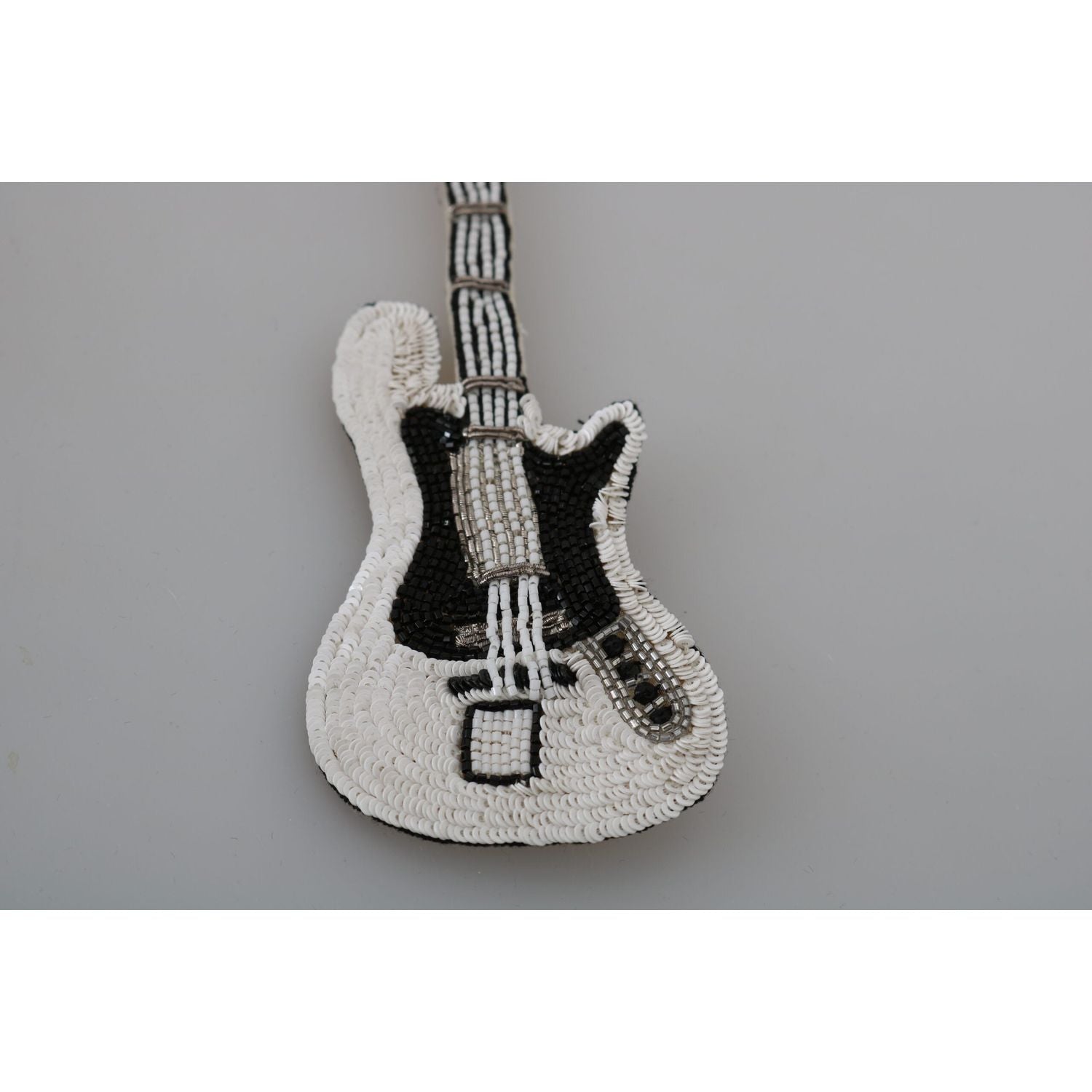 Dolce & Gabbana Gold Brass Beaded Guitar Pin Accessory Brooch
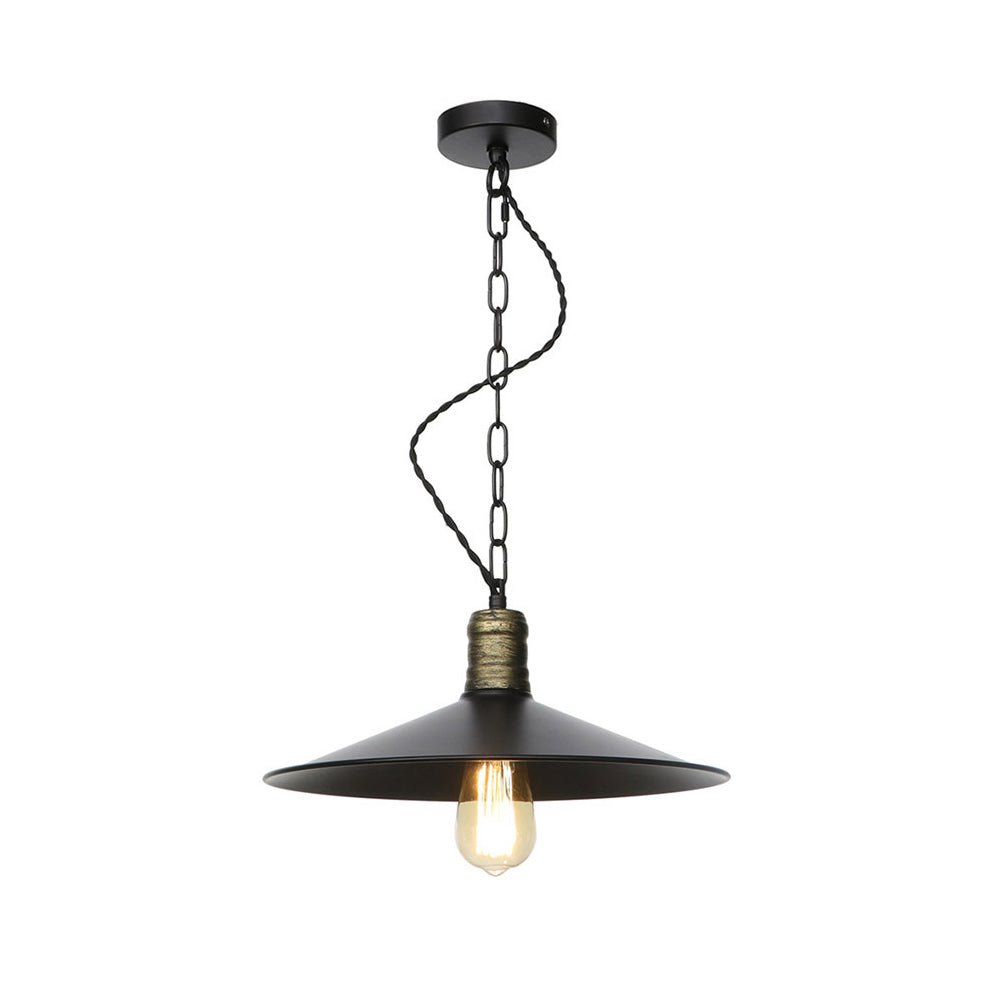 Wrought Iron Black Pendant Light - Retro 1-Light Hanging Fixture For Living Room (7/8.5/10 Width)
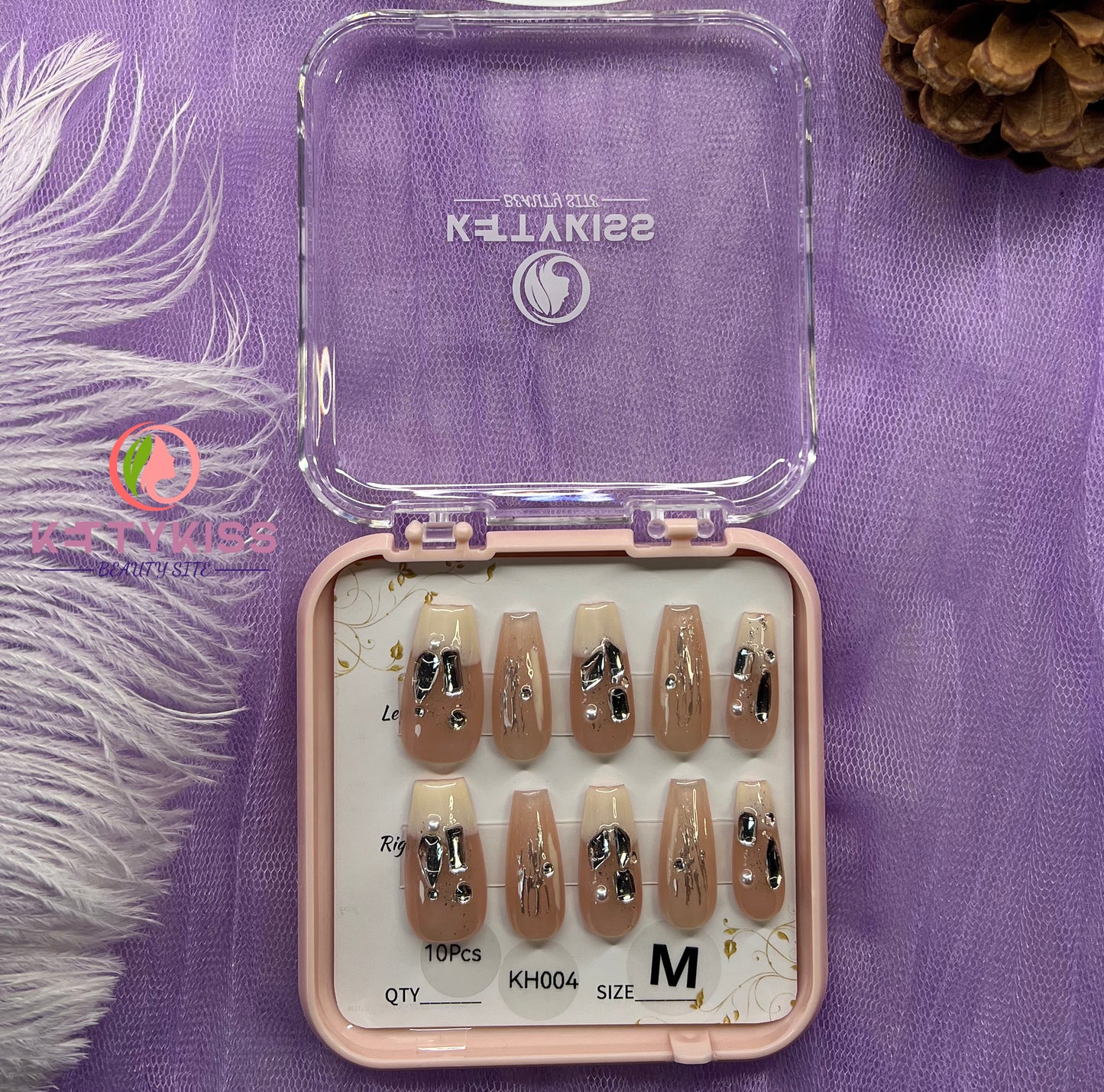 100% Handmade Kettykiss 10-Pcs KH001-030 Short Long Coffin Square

++++++++

Output all the material exactly. The pictures are to be left out.

 Dolce & Gabbana Gold Brass Beaded Guitar Pin Accessory Brooch
 Wrought Iron Black Pendant Light - Retro 1-Light Hanging Fixture For Living Room (7/8.5/10 Width)
 100% Handmade Kettykiss 10-Pcs KH001-030 Short Long Coffin Square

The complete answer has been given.